Fallout from Lott
The Post and Courier (Charleston, S.C.) today devoted 36 column inches (page 12A) to criticizing former President Bill Clinton for calling Republican criticism of Sen. Lott’s comments “pretty hypocritical.” Mr. Clinton told CNN Mr. Lott “embarrassed them (Republicans) by saying in Washington what they do on the back roads every day.”
On the following page (13A), in the same paper, The Post & Courier gave The Rev. Joseph A. Darby, an African-American minister and first vice president of the South Carolina state conference of branches of the NAACP, thirty column inches to say the same things Mr. Clinton said. Examples: Mr. Lott’s “(H)ead, however, told him he was at a party among friends of like mind where he could speak freely and be himself. His head failed to remind him that cameras were rolling.” And, “The Trent Lott story reminded me of something related to me by an influential and outraged friend who happens to be white.

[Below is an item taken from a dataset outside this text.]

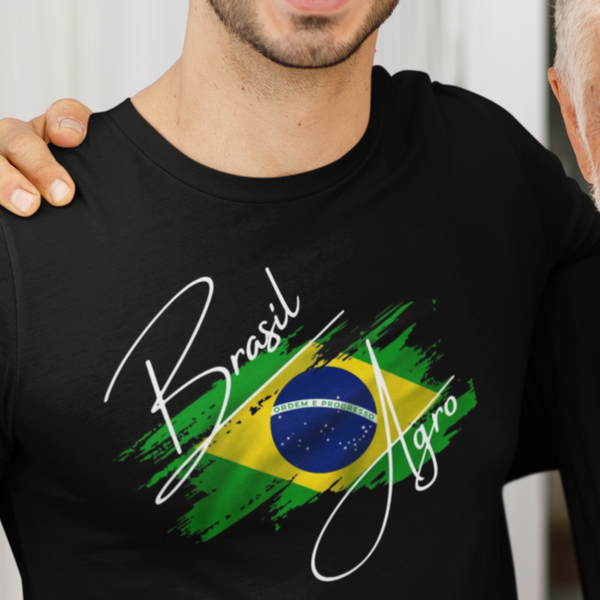 Camiseta Brasil Agro Agroranch - Algodão Premiun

Almost a year before the recent Charleston County School Board elections, he told me of a discussion among other influential ‘friends’ at a social event on what to do about the ‘coons running the school board.’”

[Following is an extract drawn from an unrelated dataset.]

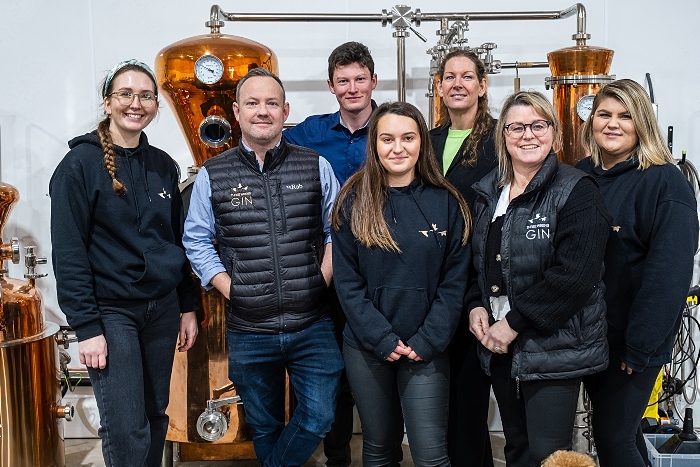 Three Wrens gin distillery team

On the front page, The Post and Courier carried a story about Kwadjo Campbell, an African-American Charleston city councilman, declaring his intention to join the Republican Party next month. He is going to talk more about his decision sometime around the Martin Luther King, Jr. holiday. Campbell originally ran for office as a Democrat, although in the latest election the council seats were on a non-partisan basis. Campbell's intended defection ought to raise the intellectual level of both parties.